▶ [MATERIAL FOR THE TASK]:

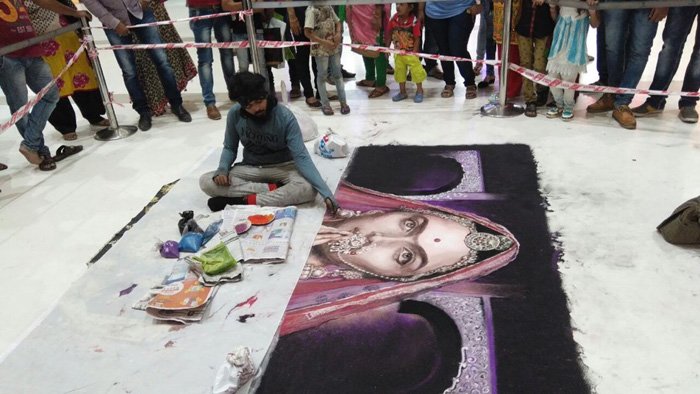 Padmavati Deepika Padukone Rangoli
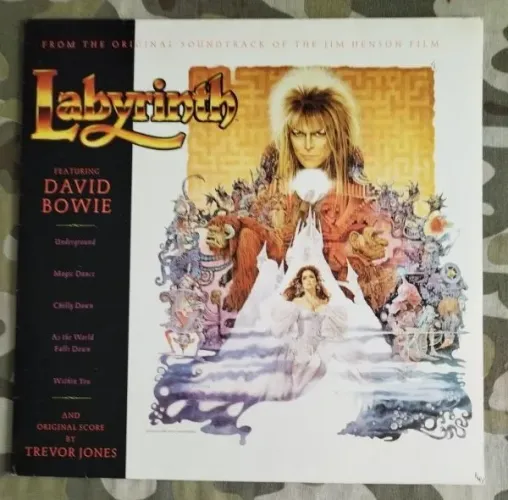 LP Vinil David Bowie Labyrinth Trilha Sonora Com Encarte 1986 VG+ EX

--

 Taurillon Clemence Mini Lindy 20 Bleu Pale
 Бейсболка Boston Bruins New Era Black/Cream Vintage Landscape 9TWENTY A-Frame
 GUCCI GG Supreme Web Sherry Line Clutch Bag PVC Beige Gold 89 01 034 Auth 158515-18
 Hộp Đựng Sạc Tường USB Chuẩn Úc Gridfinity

▶ [HOW TO COMPLETE THIS TASK]: Beginning at the line above that contains "Padmavati Deepika Padukone Rangoli" and going on through the line that contains "LP Vinil David", please copy every line exactly, leaving the pictures out and adding nothing.

▶ [WRITTEN ANSWER]:
 Padmavati Deepika Padukone Rangoli
 LP Vinil David Bowie Labyrinth Trilha Sonora Com Encarte 1986 VG+ EX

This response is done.